Tudo isso levanta uma pergunta tentadora. A Bélgica nunca experimentou uma revolução neoliberal? Para think tanks e partidos pró-mercado, a atribuição de "neoliberal" a um país com mais de 100% de dívida em relação ao PIB, um setor público generoso e um estado de bem-estar social quase intacto é risível. Nas últimas semanas, o contra-argumento foi apresentado com força pelo historiador belga Brecht Rogissart. Para Rogissart, o neoliberalismo é uma estratégia coletiva de classe, que fornece às empresas oxigênio para recuperar os números de crescimento do pós-guerra, controlando a classe trabalhadora organizada. E, nesse sentido, ele argumenta, o neoliberalismo reinou na Bélgica a partir de 1982, quando uma coalizão de democratas-cristãos e liberais obteve permissão de lei de emergência para desvalorizar o franco e implementar repressão salarial. Seu argumento tem consequências políticas claras. Em vez de uma revolução atrasada, Rogissart vê os desenvolvimentos recentes representarem a conclusão de um processo iniciado na década de 1980. A direita belga é "os últimos neoliberais", para tomar emprestada uma frase aplicada a Macron pelos cientistas políticos franceses Bruno Amable e Stefan Palombarini.

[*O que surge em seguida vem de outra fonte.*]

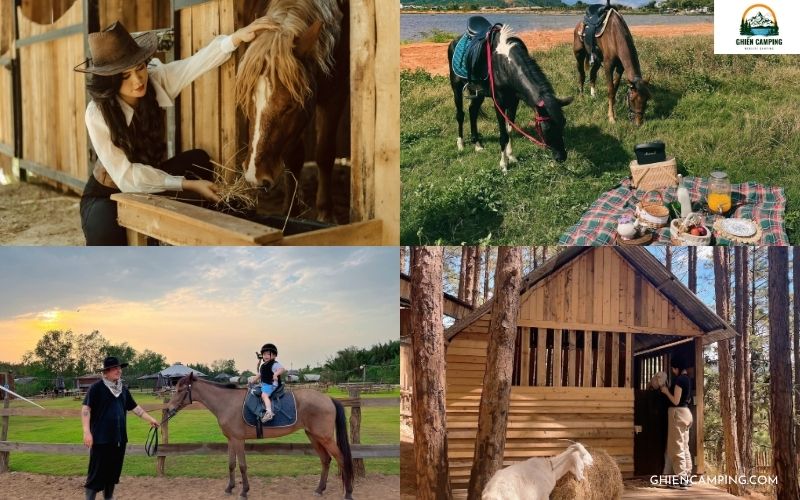 Review Vietgangz Glamping Club Lamdong cực chill giữa rừng thông 10 Trải nghiệm các hoạt động giải trí thú vị tại Vietgangz Glamping Lâm Đồng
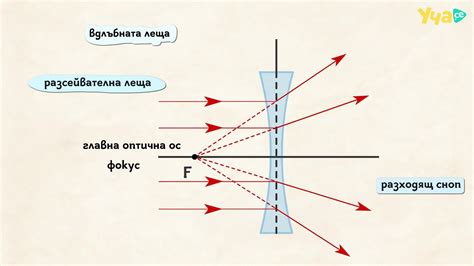 Пулинг леща: отражение на экосистему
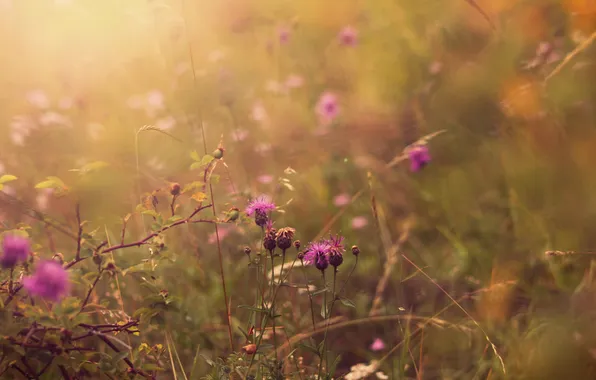 Картинка лето, трава, свет, цветы, природа, поляна, цвет, растения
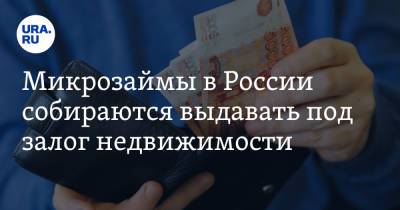 Микрозаймы в России собираются выдавать под залог недвижимости - ura.news - Россия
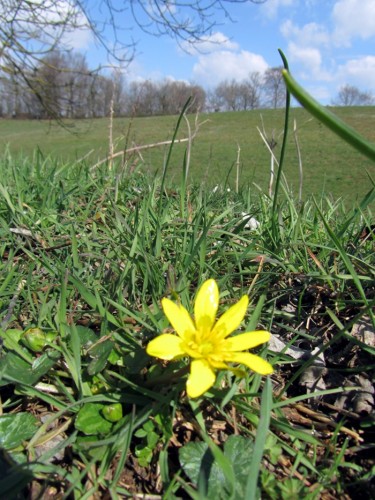 Aveyron : Randonn�es familiales en Carladez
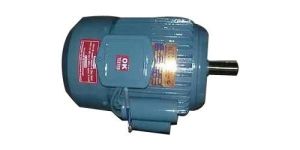 AC Induction Motor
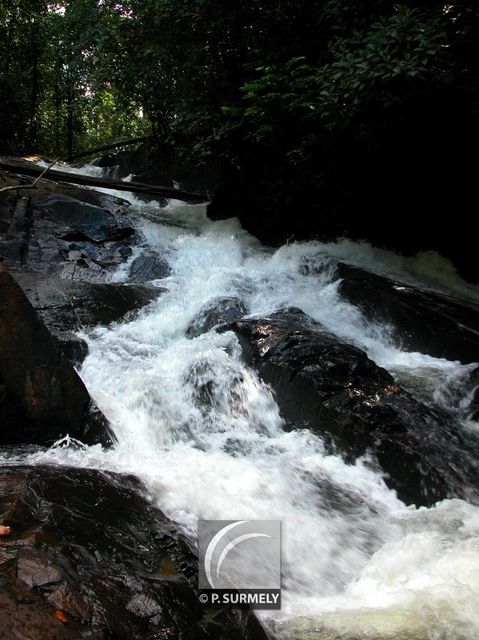 Crique Grillon
Mots-clés: Guyane;Amrique;fleuve;rivire;cascade;Grillon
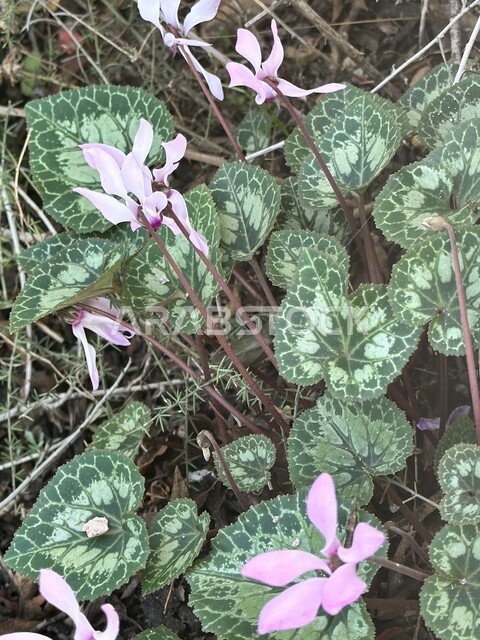 صورة مقربة لنبات بخور مريم، زهور بيضاء، اوراق الاشجار، الاشجار والنباتات الخضراء، النباتات العشبية، خلفية الطبيعة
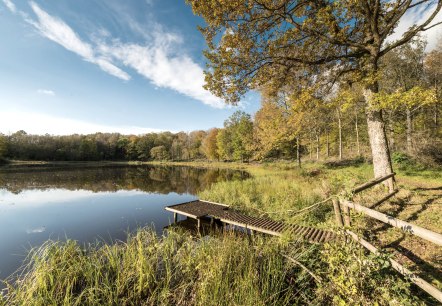 Vulkamaar-Pfad: Windsborn-Kratersee, © Eifel Tourismus GmbH - D. Ketz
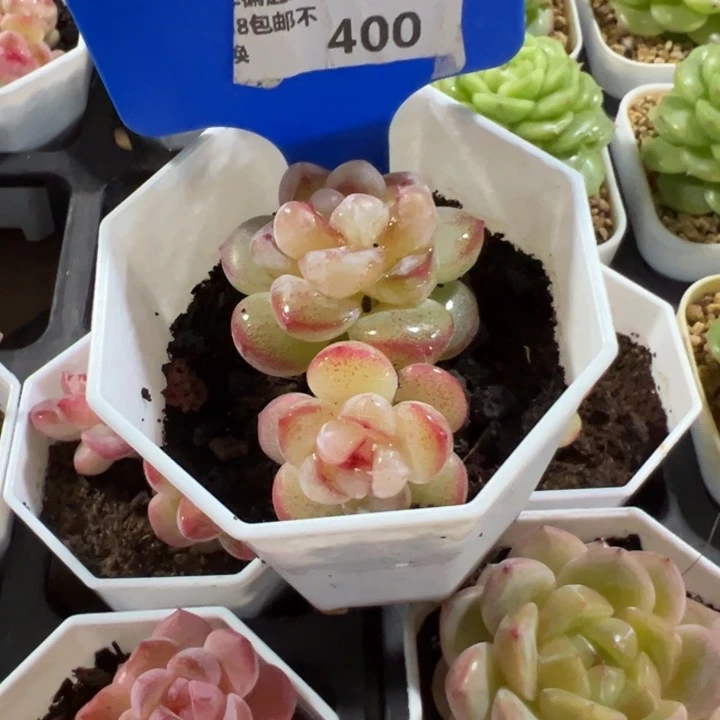 O***泡恶魔之泪双头5cm福利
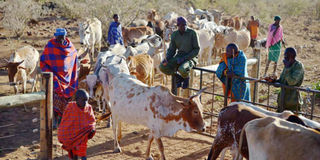 African pastoralists herding their cows.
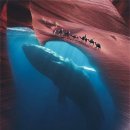 사진과포토샵 이미지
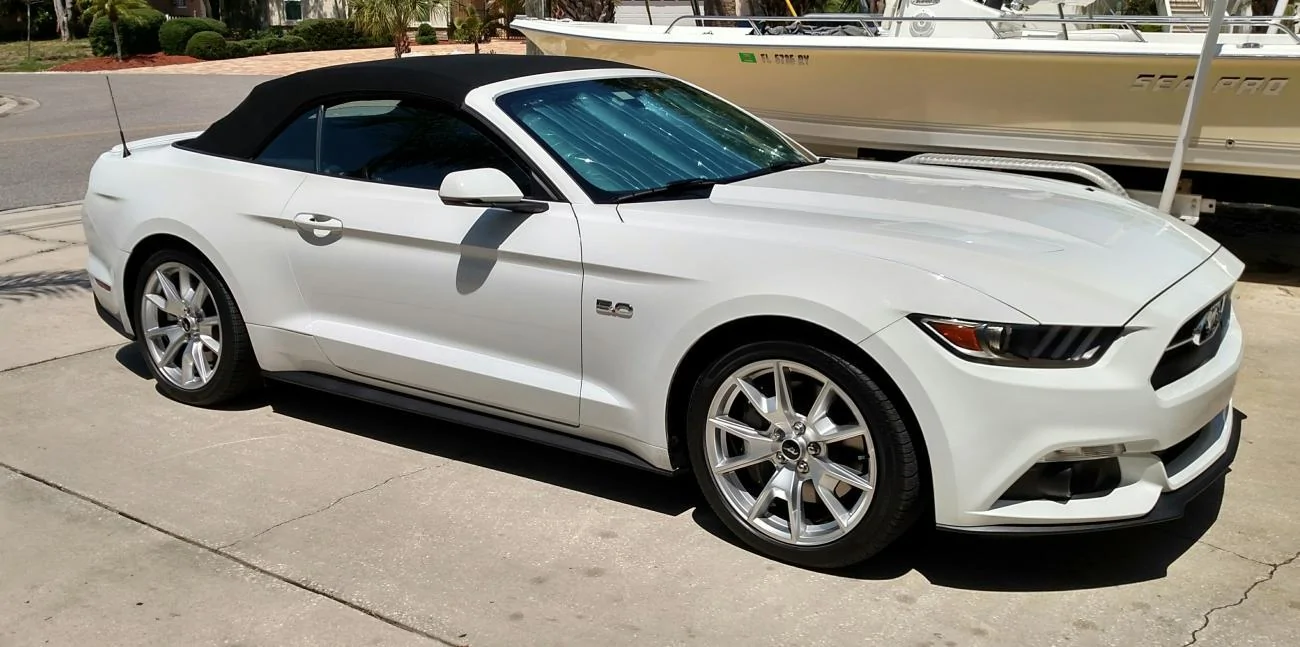 Stang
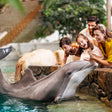 General Admission Ticket to SeaWorld Yas Island Abu Dhabi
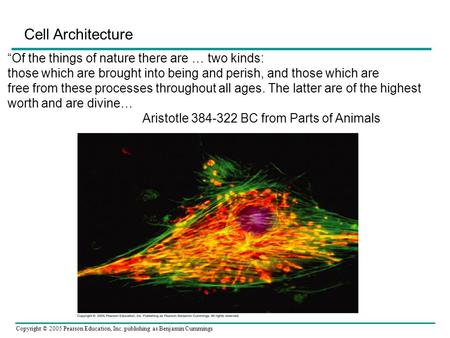 Cell Architecture “Of the things of nature there are … two kinds:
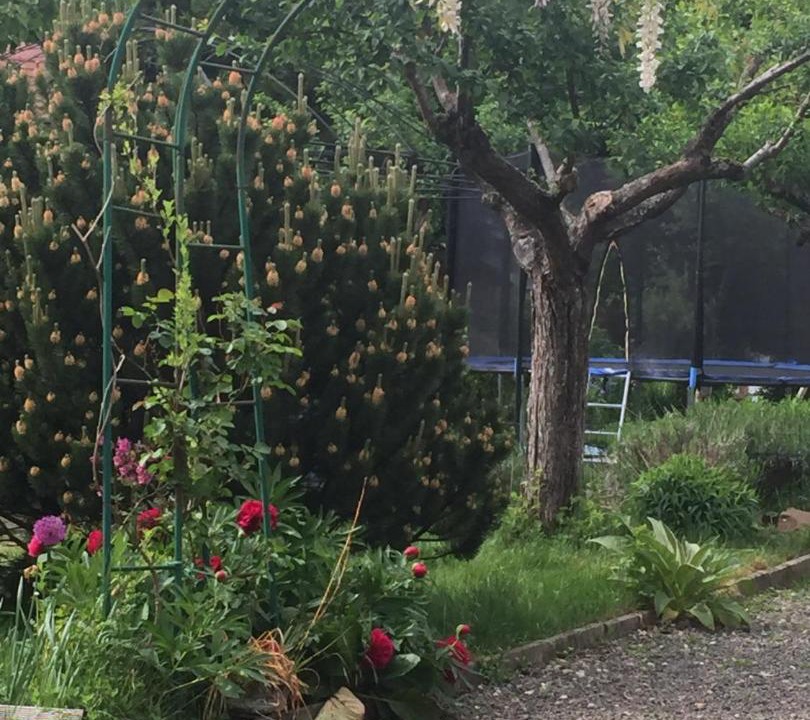 Photo of Outdoor in Rothau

Como um Javier Milei belga, o líder do MR valão Georges-Louis Bouchez — ferozmente pró-Israel e economicamente libertário — espera levar terapia de choque ao equivalente da Europa Ocidental da Alemanha Oriental, após o que a Valônia pode mais uma vez se tornar um fornecedor barato de mão de obra para uma economia de exportação do Norte. Para ele, nenhuma regionalização adicional do país é necessária; a terapia de choque é melhor perseguida em sintonia nacional, com os nacionalistas flamengos arquivando suas demandas separatistas sobre as demandas da elite econômica. Essa "burguesia subalterna" — como Matthias Lievens disse, pegando emprestada uma frase de Perry Anderson — nunca teve que travar uma disputa revolucionária com uma aristocracia e não precisou de nenhuma história heróica para sustentar seu governo. Economicamente dominante, mas não politicamente hegemônica: esta é a posição confortável, mas liminar, que os capitalistas flamengos ocuparam após a Segunda Guerra Mundial. No entanto, tal domínio sem hegemonia está agora ameaçado, à medida que a crise industrial europeia se espalha do coração da Alemanha.

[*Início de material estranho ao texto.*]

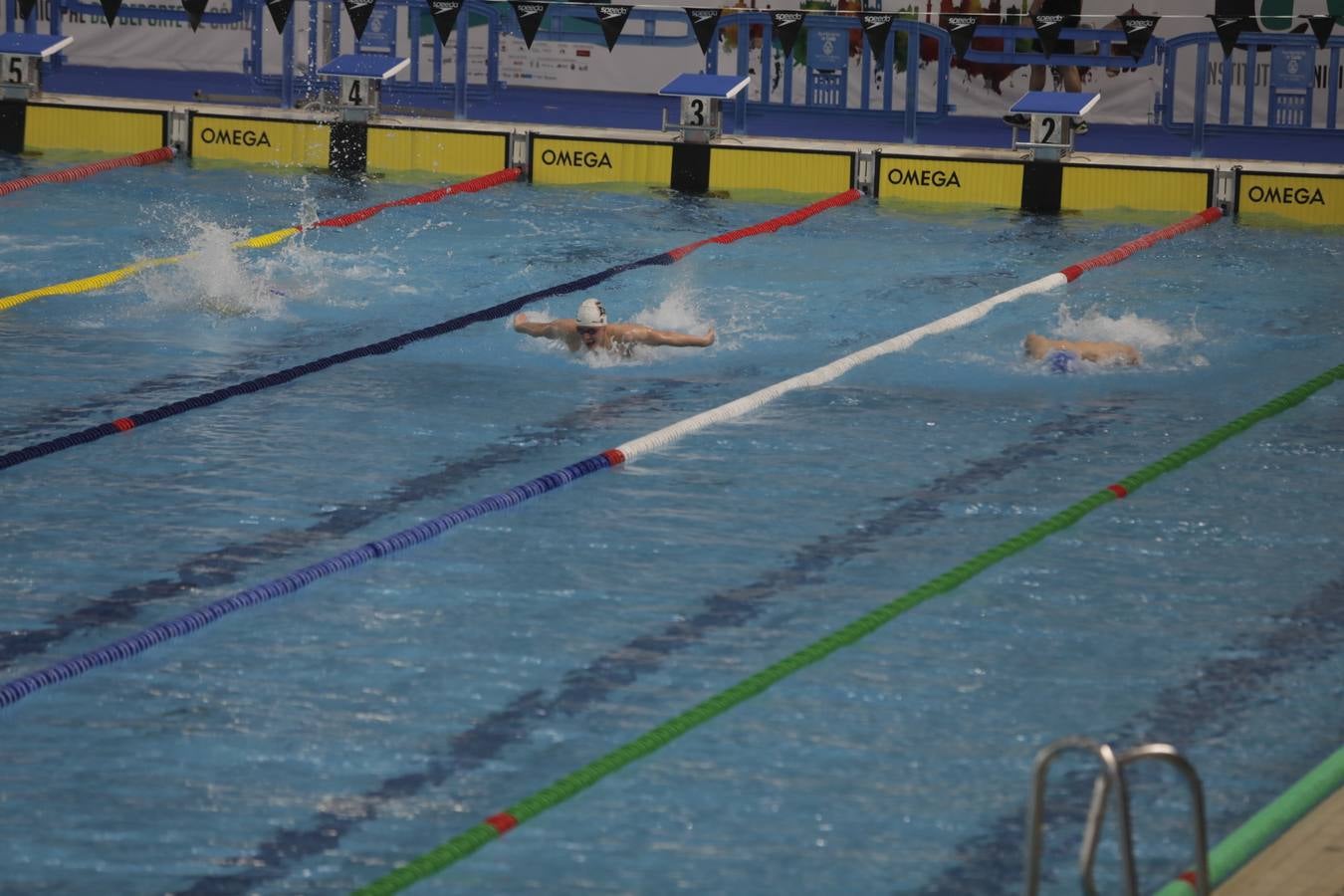 FOTOS: El Campeonato de España Infantil de natación en Cádiz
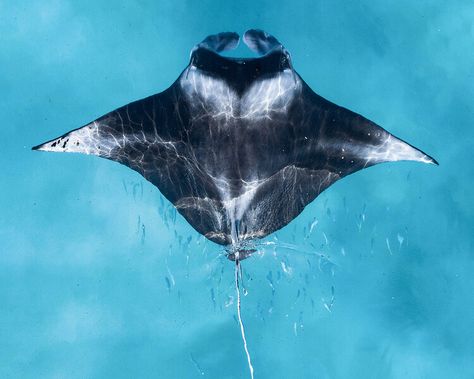 See this award-winning shot of a reef manta ray taken by a drone Manta Ray Pictures, Reef Manta Ray, Cardboard Manta Ray, Sting Ray Tattoo Design, Oceanic Manta Ray, Pressure Oc, Crocodile Pictures, Sea Turtle Species, Giant Manta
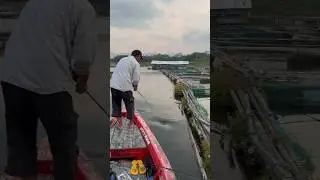 OMBAK IKAN NYA SEBESAR INI KALO DAPAT PASTI BESAR‼️ JAPAN FISHING TOMAN‼️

2023 marcou o pior ano para falências industriais em anos, e 2024 viu números igualmente sangrentos nos setores de construção e hospitalidade. As causas raiz da crise são fáceis de conjeturar — não a dívida nacional ou a desvantagem salarial em si, mas a economia alemã em declínio, que está perdendo terreno no mercado de veículos elétricos e se recuperando dos altos custos de energia após sua dissociação forçada do fornecimento de gás russo. A penetração de produtores chineses teve efeitos colaterais caóticos para as economias satélites do núcleo alemão da Europa, que devem se reorientar para as linhas de fornecimento americanas ou aguardar uma ação supranacional concertada. É incerto se a austeridade pode fazer muito para ajudar neste esforço de recuperação. A Bélgica tem controle limitado sobre os fluxos de capital para os quais se tornou um canal — e, portanto, continua sendo uma beneficiária distinta de uma potencial ação multilateral no nível europeu. O relatório de produtividade de sucesso compilado por Mario Draghi no início deste verão parece sugerir isso. Mesmo que não ofereça a perspectiva de absorção em uma federação hamiltoniana, a estratégia de Draghi só pode beneficiar a Bélgica.

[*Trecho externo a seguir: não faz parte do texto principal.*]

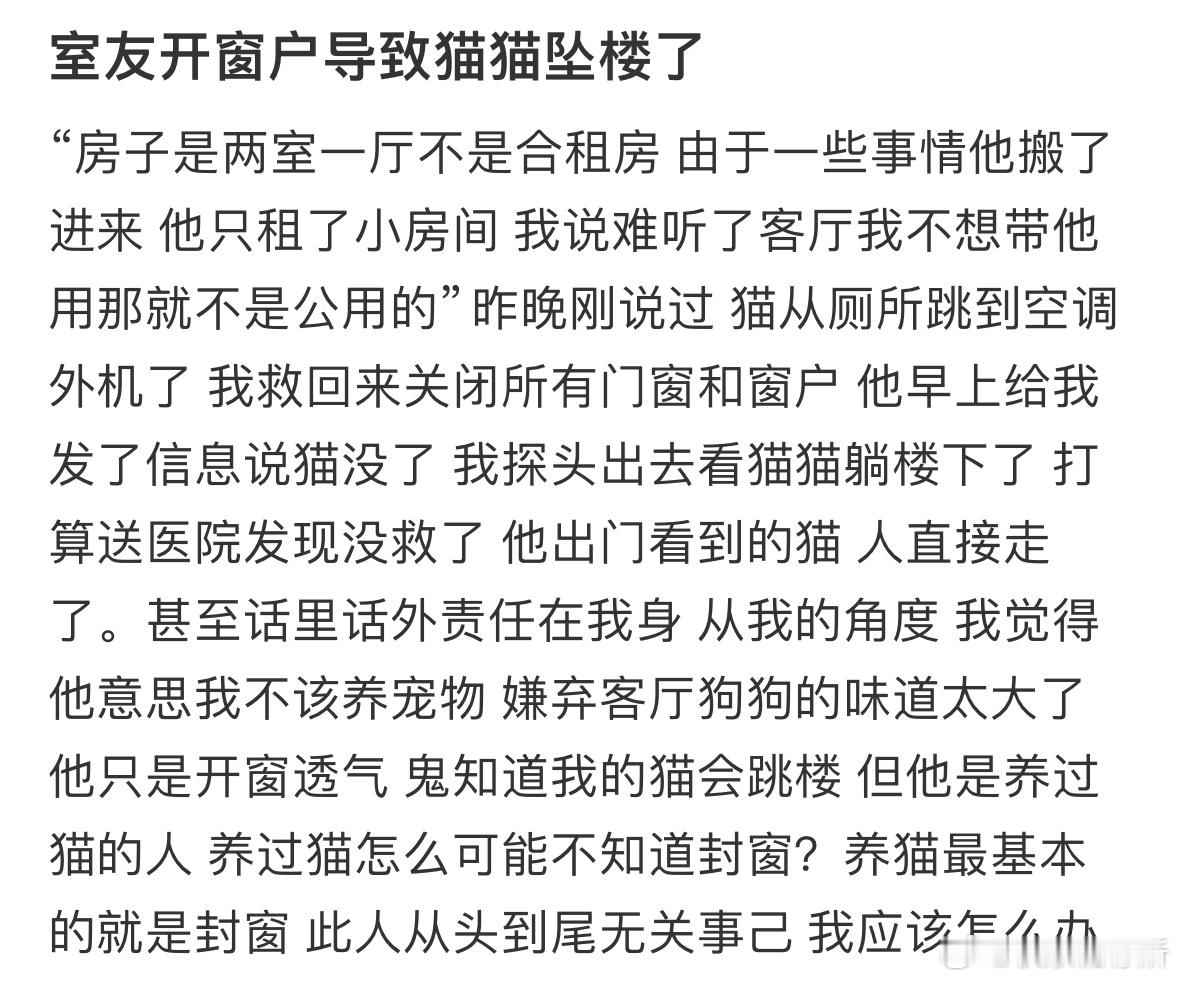 室友开窗户导致猫猫坠楼了​​​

Há um problema, no entanto: os setores mais dinâmicos da economia ainda se veem como existencialmente dependentes do desempenho econômico alemão, o que informa uma mentalidade incorrigivelmente austeriana. Para eles, o investimento público em toda a Europa traz riscos mortais. Em vez de competir por uma estratégia supranacional, eles veem a disciplina alemã como o pré-requisito essencial para suas próprias taxas de lucro. Melhores exemplos de irracionalidade coletiva de classe são difíceis de encontrar. Para evitar o cataclismo industrial, uma pequena nação como a Bélgica — que perdeu seu capitalismo nacional em algum lugar entre 1945 e 1973 — só pode depositar sua esperança em mestres mais sábios.